- TRY IT
Print out the full material below, exact in every line, with no images included.

═══ PROVIDED DATA

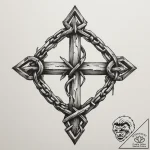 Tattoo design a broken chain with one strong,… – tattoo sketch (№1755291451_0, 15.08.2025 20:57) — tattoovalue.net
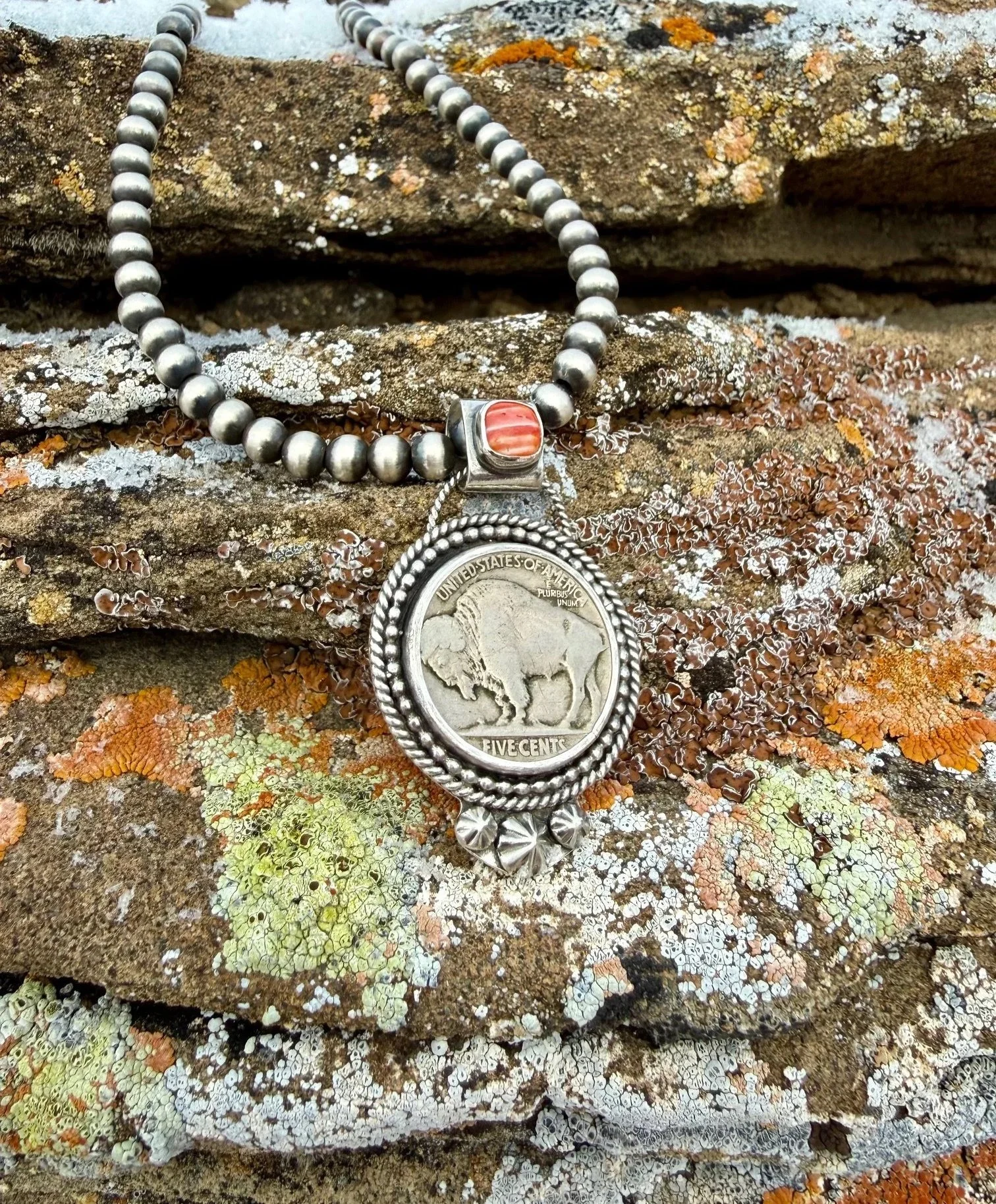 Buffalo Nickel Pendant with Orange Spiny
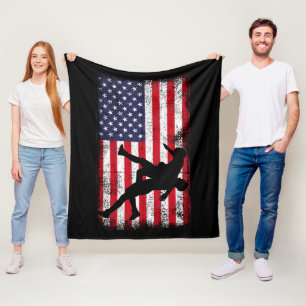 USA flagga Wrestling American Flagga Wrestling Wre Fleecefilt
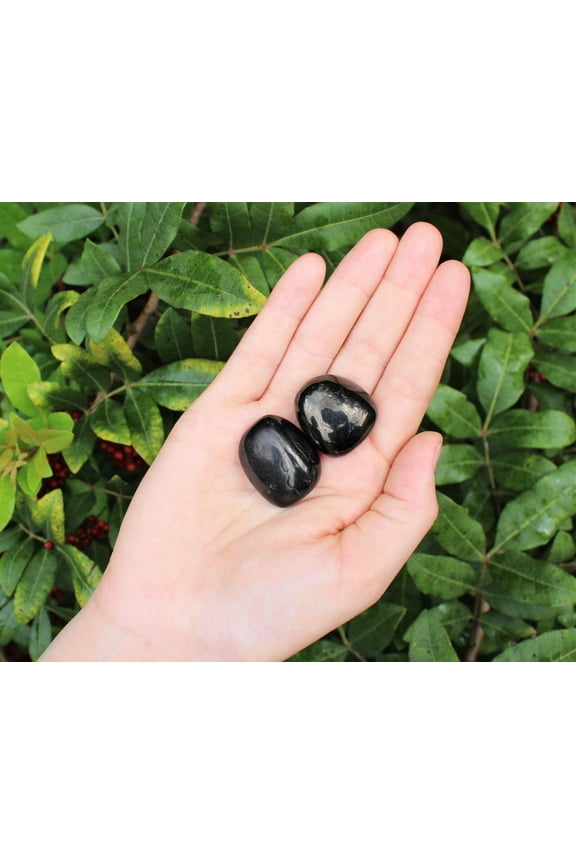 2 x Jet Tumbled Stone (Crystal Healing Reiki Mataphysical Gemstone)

══════

- TASK OUTPUT
 Tattoo design a broken chain with one strong,… – tattoo sketch (№1755291451_0, 15.08.2025 20:57) — tattoovalue.net
 Buffalo Nickel Pendant with Orange Spiny
 USA flagga Wrestling American Flagga Wrestling Wre Fleecefilt
 2 x Jet Tumbled Stone (Crystal Healing Reiki Mataphysical Gemstone)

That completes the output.